Message  Yeoman 35 le Jeu 28 Mai 2009, 7:02 pm

LE CERCLE DES INTIMES

Je vous prie tout d'abord de bien vouloir m'excuser mais je me suis efforcé de rassembler quelques souvenirs sur ce film à caractère historique que j'ai plutôt apprécié il y a quelques années.
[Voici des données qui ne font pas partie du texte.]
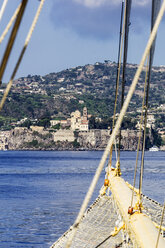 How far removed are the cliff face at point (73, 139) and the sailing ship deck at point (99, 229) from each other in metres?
148

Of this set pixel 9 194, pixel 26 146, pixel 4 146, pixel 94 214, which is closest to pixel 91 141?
pixel 26 146

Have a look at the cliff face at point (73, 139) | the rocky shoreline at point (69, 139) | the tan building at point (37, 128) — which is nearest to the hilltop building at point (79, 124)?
the rocky shoreline at point (69, 139)

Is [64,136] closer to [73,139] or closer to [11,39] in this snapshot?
[73,139]

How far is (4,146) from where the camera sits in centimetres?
18162

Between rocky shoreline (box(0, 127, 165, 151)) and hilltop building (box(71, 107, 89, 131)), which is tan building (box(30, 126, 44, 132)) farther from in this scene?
hilltop building (box(71, 107, 89, 131))

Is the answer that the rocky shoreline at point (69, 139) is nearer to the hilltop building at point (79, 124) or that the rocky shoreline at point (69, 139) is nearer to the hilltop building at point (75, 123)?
the hilltop building at point (79, 124)

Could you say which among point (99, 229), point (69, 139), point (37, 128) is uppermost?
point (37, 128)

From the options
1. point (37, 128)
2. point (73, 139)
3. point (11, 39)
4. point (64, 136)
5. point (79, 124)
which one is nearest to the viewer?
point (11, 39)

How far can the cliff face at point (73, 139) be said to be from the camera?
164375 millimetres

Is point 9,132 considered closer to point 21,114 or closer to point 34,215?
point 21,114

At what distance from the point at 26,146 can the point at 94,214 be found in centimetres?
15873

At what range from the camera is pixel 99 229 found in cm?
1416

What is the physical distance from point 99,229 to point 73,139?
150246 millimetres

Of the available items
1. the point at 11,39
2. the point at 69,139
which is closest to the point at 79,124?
the point at 69,139
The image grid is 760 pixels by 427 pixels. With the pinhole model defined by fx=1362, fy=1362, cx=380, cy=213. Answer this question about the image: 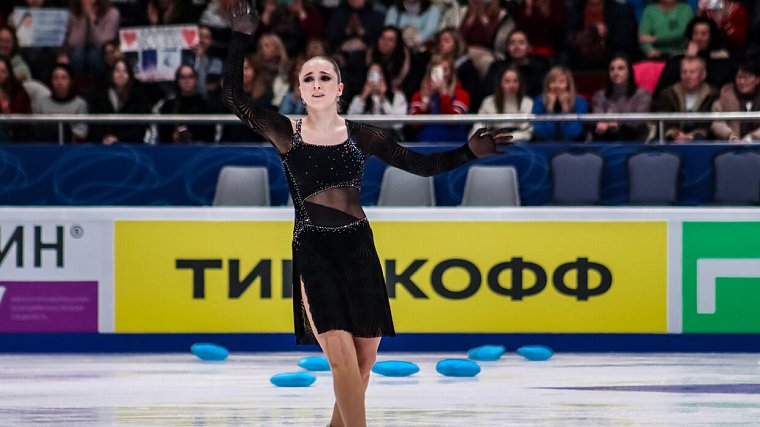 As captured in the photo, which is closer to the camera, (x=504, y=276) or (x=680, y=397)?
(x=680, y=397)

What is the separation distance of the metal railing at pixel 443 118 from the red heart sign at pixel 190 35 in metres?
1.29

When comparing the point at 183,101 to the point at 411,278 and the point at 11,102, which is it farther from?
the point at 411,278

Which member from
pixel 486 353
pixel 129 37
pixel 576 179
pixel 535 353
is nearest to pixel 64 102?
pixel 129 37

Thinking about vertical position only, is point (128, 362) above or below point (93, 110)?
below

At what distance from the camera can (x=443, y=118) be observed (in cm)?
964

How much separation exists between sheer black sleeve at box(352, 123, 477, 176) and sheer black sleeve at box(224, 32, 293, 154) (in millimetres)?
294

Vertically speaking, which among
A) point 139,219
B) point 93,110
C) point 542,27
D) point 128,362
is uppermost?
point 542,27

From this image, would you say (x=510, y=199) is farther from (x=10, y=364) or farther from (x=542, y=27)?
(x=10, y=364)

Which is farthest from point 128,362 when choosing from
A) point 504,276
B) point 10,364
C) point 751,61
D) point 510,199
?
point 751,61

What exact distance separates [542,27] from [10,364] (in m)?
5.17

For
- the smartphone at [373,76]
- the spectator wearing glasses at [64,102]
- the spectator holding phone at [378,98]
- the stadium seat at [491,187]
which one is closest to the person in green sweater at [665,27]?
the stadium seat at [491,187]

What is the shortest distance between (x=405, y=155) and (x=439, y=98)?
476 cm

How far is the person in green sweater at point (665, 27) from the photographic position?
1090 cm

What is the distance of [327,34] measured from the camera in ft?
37.4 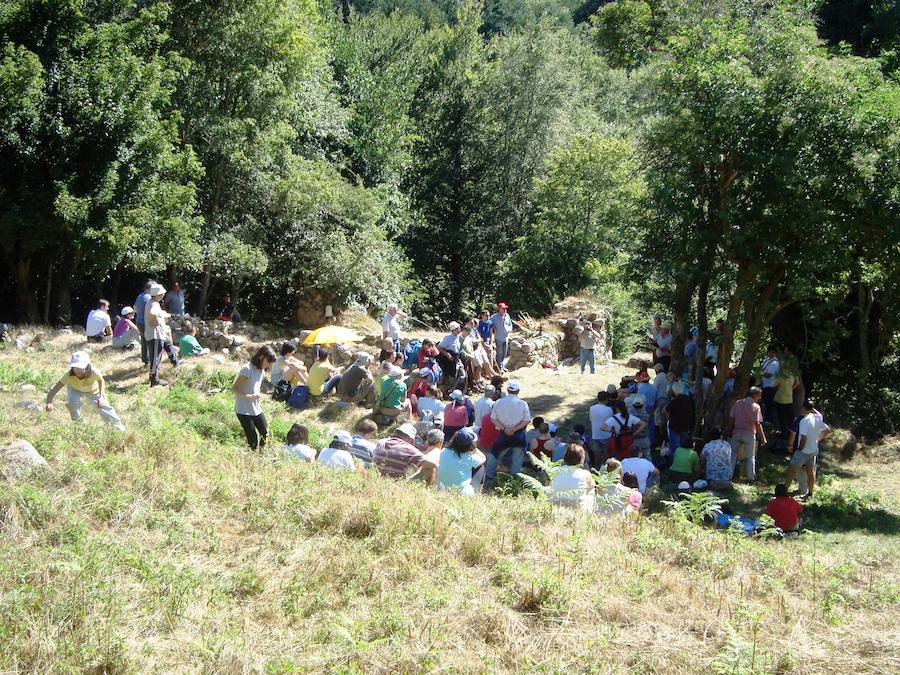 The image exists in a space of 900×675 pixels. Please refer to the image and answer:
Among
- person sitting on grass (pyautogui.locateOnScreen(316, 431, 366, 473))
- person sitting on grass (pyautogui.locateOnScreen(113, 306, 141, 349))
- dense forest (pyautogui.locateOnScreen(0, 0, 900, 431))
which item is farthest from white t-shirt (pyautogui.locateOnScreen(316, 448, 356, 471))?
person sitting on grass (pyautogui.locateOnScreen(113, 306, 141, 349))

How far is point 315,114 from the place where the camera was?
26000 mm

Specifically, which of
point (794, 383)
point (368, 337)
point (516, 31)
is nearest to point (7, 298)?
point (368, 337)

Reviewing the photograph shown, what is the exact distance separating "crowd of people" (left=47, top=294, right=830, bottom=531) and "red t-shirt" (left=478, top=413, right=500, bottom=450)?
2 cm

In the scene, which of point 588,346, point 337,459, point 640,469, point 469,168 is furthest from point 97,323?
point 469,168

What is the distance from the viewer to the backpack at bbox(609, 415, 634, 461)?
34.6 feet

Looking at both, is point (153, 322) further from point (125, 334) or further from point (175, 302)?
point (175, 302)

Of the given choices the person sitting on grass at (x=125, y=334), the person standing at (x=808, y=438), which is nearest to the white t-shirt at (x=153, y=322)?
the person sitting on grass at (x=125, y=334)

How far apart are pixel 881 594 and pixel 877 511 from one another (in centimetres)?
546

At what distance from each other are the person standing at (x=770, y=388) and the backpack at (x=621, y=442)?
370cm

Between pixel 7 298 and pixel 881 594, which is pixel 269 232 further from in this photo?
pixel 881 594

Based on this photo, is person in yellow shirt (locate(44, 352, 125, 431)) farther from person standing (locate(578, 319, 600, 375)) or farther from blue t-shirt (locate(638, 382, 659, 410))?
person standing (locate(578, 319, 600, 375))

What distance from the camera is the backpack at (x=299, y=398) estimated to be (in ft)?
43.5

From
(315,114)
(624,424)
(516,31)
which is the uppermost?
(516,31)

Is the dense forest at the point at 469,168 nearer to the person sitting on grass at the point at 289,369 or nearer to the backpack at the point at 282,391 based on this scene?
the person sitting on grass at the point at 289,369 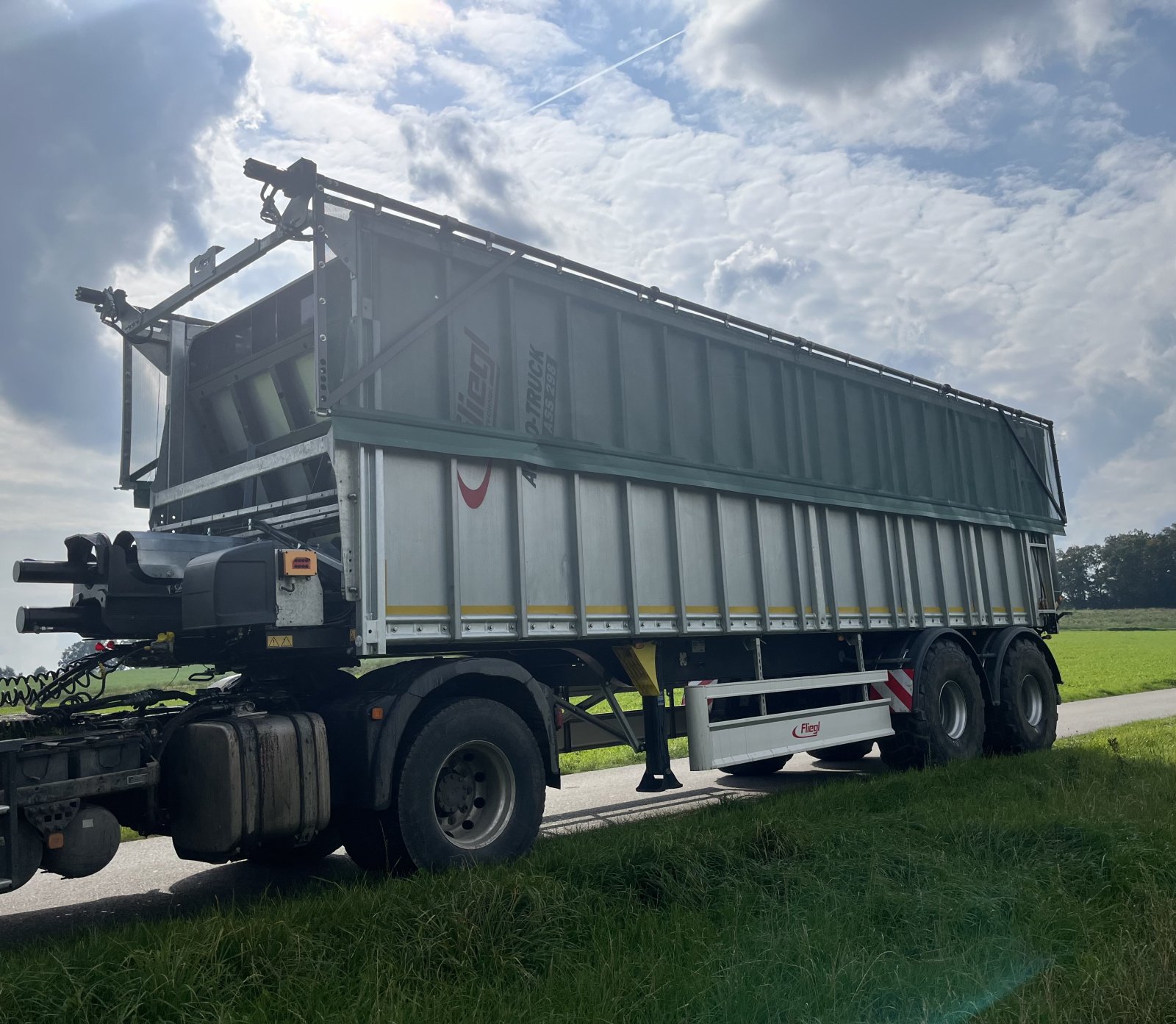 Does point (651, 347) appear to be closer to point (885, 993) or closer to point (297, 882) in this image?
point (297, 882)

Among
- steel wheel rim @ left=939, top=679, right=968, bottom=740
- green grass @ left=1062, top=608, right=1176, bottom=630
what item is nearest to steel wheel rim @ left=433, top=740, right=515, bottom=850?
steel wheel rim @ left=939, top=679, right=968, bottom=740

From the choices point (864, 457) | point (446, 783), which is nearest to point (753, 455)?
point (864, 457)

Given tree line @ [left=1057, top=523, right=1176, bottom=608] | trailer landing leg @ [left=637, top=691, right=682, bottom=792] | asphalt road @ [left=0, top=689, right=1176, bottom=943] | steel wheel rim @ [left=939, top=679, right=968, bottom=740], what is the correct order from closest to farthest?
1. asphalt road @ [left=0, top=689, right=1176, bottom=943]
2. trailer landing leg @ [left=637, top=691, right=682, bottom=792]
3. steel wheel rim @ [left=939, top=679, right=968, bottom=740]
4. tree line @ [left=1057, top=523, right=1176, bottom=608]

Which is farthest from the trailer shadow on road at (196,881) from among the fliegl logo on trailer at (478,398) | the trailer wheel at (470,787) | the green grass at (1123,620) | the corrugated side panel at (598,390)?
the green grass at (1123,620)

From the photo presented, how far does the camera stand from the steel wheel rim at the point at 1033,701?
464 inches

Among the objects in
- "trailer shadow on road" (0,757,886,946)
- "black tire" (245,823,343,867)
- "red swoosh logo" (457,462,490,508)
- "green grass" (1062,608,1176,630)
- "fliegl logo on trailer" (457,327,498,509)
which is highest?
"fliegl logo on trailer" (457,327,498,509)

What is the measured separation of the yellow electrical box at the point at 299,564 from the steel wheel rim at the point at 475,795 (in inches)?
52.2

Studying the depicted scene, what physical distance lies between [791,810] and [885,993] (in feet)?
12.0

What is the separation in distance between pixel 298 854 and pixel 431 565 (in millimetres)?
2476

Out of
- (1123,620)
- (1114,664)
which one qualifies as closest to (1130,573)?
(1123,620)

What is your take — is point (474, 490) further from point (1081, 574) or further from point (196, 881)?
point (1081, 574)

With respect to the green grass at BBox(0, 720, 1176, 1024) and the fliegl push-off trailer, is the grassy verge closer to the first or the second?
the fliegl push-off trailer

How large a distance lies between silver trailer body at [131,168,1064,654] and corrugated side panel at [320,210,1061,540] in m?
0.02

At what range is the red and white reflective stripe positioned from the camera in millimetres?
10070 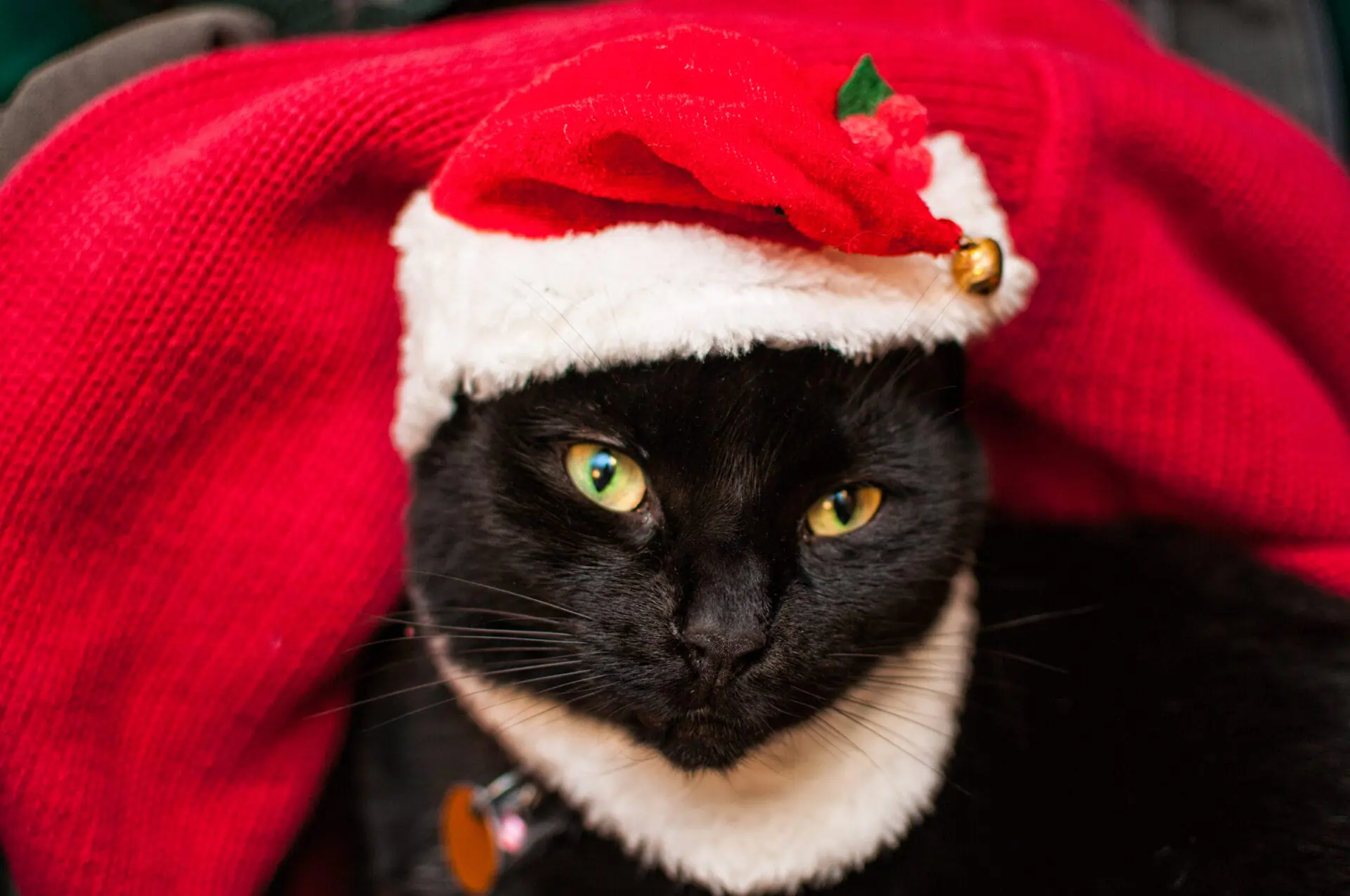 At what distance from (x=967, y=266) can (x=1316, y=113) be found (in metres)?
0.69

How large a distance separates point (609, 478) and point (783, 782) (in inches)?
10.4

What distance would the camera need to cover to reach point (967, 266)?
22.8 inches

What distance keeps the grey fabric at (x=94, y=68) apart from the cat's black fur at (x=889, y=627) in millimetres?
355

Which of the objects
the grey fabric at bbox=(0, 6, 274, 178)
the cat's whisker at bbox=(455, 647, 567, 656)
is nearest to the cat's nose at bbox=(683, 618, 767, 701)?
the cat's whisker at bbox=(455, 647, 567, 656)

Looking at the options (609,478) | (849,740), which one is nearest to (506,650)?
(609,478)

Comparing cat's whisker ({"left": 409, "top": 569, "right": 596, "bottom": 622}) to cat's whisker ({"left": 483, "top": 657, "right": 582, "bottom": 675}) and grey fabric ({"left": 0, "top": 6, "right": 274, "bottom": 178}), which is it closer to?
cat's whisker ({"left": 483, "top": 657, "right": 582, "bottom": 675})

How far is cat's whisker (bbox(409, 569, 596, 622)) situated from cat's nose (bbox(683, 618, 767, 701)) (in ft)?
0.24

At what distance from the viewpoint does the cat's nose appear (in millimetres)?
550

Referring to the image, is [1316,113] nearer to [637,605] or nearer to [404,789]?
[637,605]

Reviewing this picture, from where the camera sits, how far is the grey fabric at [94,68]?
66 centimetres

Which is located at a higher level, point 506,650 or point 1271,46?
point 1271,46

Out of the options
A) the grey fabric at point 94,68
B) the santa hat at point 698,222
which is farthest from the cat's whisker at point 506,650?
the grey fabric at point 94,68

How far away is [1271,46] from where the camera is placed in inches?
39.1

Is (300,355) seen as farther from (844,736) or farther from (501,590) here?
(844,736) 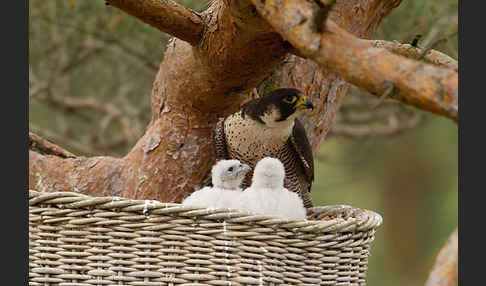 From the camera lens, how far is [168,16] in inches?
122

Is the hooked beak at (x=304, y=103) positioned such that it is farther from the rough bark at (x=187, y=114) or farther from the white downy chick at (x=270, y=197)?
the white downy chick at (x=270, y=197)

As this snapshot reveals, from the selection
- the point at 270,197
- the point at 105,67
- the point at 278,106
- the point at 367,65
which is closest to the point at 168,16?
the point at 278,106

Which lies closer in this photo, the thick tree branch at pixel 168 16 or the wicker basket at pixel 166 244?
the wicker basket at pixel 166 244

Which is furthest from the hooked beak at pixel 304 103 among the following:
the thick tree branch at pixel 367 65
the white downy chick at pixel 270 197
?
the thick tree branch at pixel 367 65

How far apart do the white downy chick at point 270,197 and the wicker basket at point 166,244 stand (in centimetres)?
38

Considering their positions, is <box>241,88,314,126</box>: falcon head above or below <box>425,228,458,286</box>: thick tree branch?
above

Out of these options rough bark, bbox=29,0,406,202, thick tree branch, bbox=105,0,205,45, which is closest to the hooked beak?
rough bark, bbox=29,0,406,202

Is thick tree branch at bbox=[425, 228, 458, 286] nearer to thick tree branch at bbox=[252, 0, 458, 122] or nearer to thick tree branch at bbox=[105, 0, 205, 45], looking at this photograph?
thick tree branch at bbox=[252, 0, 458, 122]

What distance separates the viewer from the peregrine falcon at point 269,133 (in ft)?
11.6

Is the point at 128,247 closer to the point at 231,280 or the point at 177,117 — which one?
the point at 231,280

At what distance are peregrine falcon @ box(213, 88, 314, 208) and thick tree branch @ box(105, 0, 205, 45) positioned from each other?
1.58ft

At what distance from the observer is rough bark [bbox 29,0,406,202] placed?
11.6 feet

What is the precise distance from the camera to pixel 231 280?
8.70 ft

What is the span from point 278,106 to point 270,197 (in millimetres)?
553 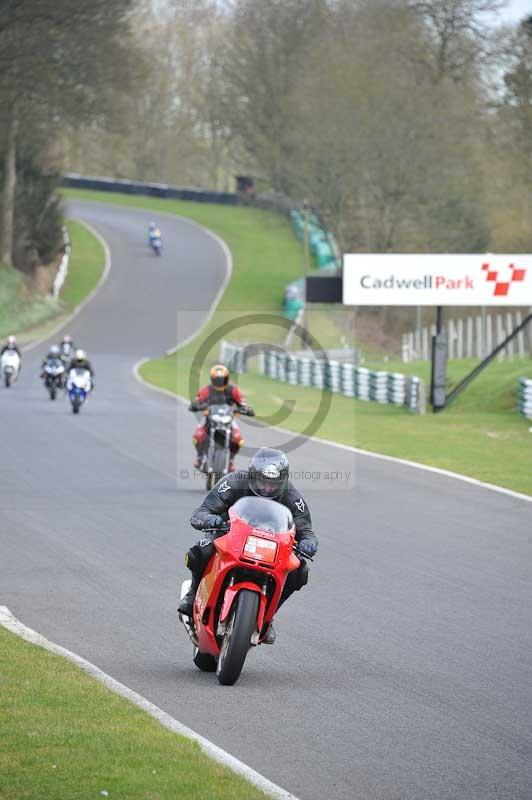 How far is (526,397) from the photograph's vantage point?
2838 cm

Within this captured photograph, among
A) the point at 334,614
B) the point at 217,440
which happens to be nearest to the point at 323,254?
the point at 217,440

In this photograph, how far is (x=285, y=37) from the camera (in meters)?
76.9

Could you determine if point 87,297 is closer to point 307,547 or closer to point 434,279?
point 434,279

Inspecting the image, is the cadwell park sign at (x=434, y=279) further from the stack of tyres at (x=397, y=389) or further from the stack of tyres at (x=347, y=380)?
the stack of tyres at (x=347, y=380)

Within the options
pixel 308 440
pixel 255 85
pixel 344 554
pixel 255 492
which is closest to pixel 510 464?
pixel 308 440

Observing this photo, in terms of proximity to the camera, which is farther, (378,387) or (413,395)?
(378,387)

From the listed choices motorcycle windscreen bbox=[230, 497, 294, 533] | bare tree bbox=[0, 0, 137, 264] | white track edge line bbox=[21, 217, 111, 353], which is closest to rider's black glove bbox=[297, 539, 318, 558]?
motorcycle windscreen bbox=[230, 497, 294, 533]

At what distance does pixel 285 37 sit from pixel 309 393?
44339mm

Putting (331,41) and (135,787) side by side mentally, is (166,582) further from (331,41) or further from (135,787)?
(331,41)

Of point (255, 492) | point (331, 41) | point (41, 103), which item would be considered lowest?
point (255, 492)

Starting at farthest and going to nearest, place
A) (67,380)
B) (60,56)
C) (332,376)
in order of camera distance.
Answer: (60,56)
(332,376)
(67,380)

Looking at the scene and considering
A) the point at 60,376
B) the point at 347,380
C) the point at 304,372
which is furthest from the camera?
the point at 304,372

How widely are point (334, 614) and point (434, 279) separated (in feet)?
66.9

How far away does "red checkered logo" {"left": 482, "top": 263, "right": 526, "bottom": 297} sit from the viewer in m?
29.5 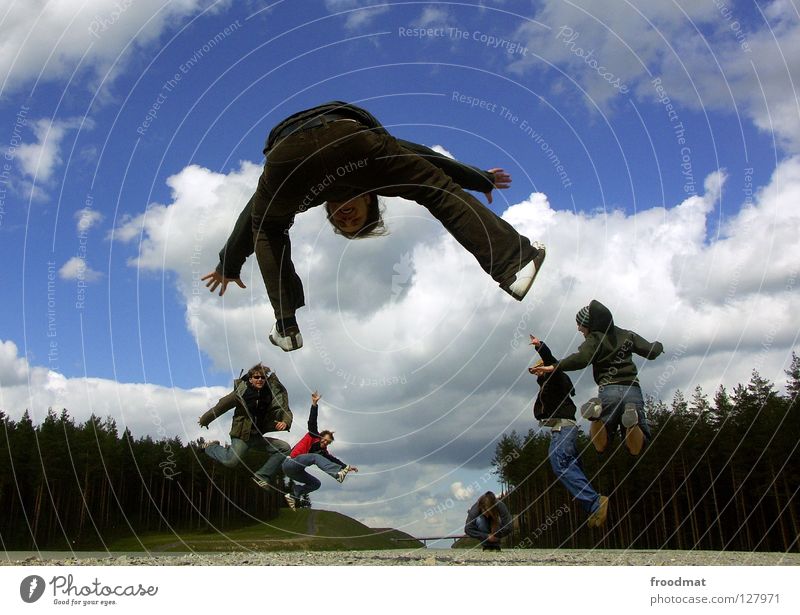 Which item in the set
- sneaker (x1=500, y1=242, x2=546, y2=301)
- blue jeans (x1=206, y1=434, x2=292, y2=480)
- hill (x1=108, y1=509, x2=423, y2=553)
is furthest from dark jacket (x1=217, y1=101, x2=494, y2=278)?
hill (x1=108, y1=509, x2=423, y2=553)

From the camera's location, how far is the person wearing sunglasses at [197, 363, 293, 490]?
12008 millimetres

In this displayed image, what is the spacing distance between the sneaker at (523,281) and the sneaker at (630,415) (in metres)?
4.36

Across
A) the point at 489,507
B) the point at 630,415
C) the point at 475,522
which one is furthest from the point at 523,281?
the point at 475,522

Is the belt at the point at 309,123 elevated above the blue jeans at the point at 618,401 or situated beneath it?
elevated above

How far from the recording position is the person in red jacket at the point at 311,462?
1236 centimetres

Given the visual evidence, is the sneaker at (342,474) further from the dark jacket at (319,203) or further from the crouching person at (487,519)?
the crouching person at (487,519)

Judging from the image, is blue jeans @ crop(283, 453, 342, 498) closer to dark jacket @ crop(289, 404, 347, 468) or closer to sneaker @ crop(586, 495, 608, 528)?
dark jacket @ crop(289, 404, 347, 468)

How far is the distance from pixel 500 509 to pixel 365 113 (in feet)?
34.0

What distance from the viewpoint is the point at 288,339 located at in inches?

Réalisation : Andreï Konchalovski
Année : 1991
Distribution : Tom Hulce (Ivan Sanchine), Feodor Chaliapine (Pr. Bartnev), Alexandre Zbruev (Staline),
Lolita Davidovitch (Anastasia Sanchine), Bo Hoskins (Laventi Beria)

L'histoire
Ivan Sanchine, petit projectionniste à Moscou, communiste convaincu, vit modestement mais paisiblement avec son épouse Anastasia. Seulement, un soir, il est appelé d'urgence au Kremlin pour réparer l'appareil de projection privé de... Joseph Staline en personne. En effet, celui-ci aime se réunir tard avec ses plus proches collaborateurs (devrai-je dire vassaux oui gri ), Kalinine, Molotov, Beria et d'autres, afin de visionner quelques film du choix du dictateur (authentique*), dont un western américain d'ailleurs. Sanchine, déjà auparavant plus que fidèle au régime, devient alors un protégé de Staline qui exerce alors une diabolique fascination sur lui. L'engrenage se révèle si diabolique pour le petit projectionniste qu'il finit par n'avoir plus aucune considération pour tout ce qui l'entoure. Il perd progressivement le sens des réalités, mais aussi sa femme Anastasia qui finit par se suicider du fait du manque de considération de son mari.

Mes impressions

Le jeu de Tom Hulce (Mozart dans le film eponyme de Milos Forman) nous montre presque à la perfection comment un homme peu de devenir prisonnier d'une façon perverse d'un dictateur. Autrement, tout le contexte historique est très bien travaillée entre les impressions de la terreur constante (une scène d'arrestation menée par le NKVD est plutôt réussie), le culte de la personnalité (le portrait de Staline affichée sur un dirigeable au-dessus de la Place Rouge et constamment éclairé la nuit) et les personnages historiques. Alexandre Zbruev est très convaincant en Staline rusé et manipulateur. Idem pour Bo Hoskins en Beria, valet docile et zélé. Enfin, une scène plutôt bien réussie qui montre bien ce que pouvait être l'atmosphère au Kremlin pendant les moments de détente; celle où l'on voit tous les proches convives de Staline complètement ivres (Kalinine très réussi) lorsque Sanchine arrive pour réparer la machine de projection.